• [Work instruction]: Copy each line below as it stands, but skip any picture it contains.

• [Dataset content]:

··········

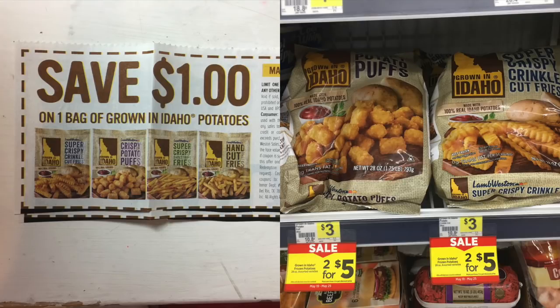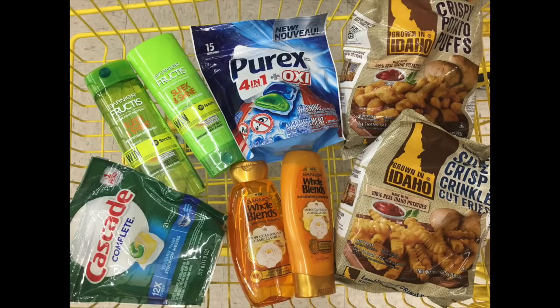I normally don't grab food items, but these tater tots and french fries are on sale two for $5, and we have paper coupons for $1 off one, which makes these just two for $3 — you're basically getting one for free. So here are all the items we are getting: the Cascade Complete Power Packs, Garnier Fructis Shampoo and Conditioner, Garnier Whole Blends Shampoo and Conditioner, Purex Pods, and a package of the Idaho Crispy Potato Puffs and Crinkle Cut Fries. That is our total purchase for this transaction.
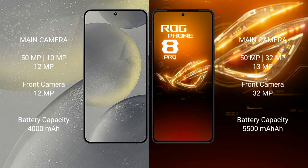The Samsung Galaxy S24 has a 4000mAh battery with 25-watt fast charging support. The ASUS ROG Phone 8 Pro has a 5500mAh intelligent battery with 65-watt fast charging support.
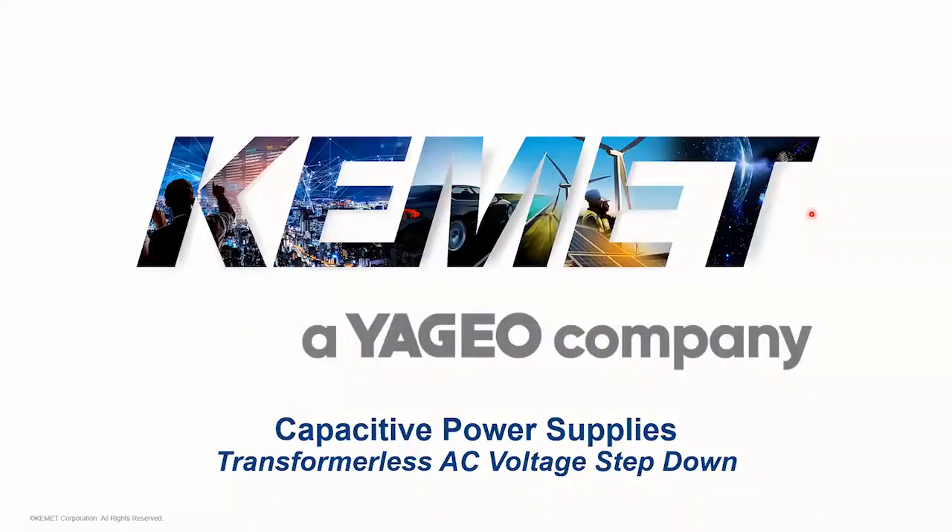Good morning and good afternoon to all of our audience today. Hello and welcome to this edition of our global webinar series. Today's webinar is titled 'Capacitive Power Supplies.' My name is David Adib and I am the Senior Technical Marketing Engineer here with Chemet, based in Florida, and I will moderate the webinar today.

··········

• [Answer]:
I normally don't grab food items, but these tater tots and french fries are on sale two for $5, and we have paper coupons for $1 off one, which makes these just two for $3 — you're basically getting one for free. So here are all the items we are getting: the Cascade Complete Power Packs, Garnier Fructis Shampoo and Conditioner, Garnier Whole Blends Shampoo and Conditioner, Purex Pods, and a package of the Idaho Crispy Potato Puffs and Crinkle Cut Fries. That is our total purchase for this transaction.
The Samsung Galaxy S24 has a 4000mAh battery with 25-watt fast charging support. The ASUS ROG Phone 8 Pro has a 5500mAh intelligent battery with 65-watt fast charging support.
Good morning and good afternoon to all of our audience today. Hello and welcome to this edition of our global webinar series. Today's webinar is titled 'Capacitive Power Supplies.' My name is David Adib and I am the Senior Technical Marketing Engineer here with Chemet, based in Florida, and I will moderate the webinar today.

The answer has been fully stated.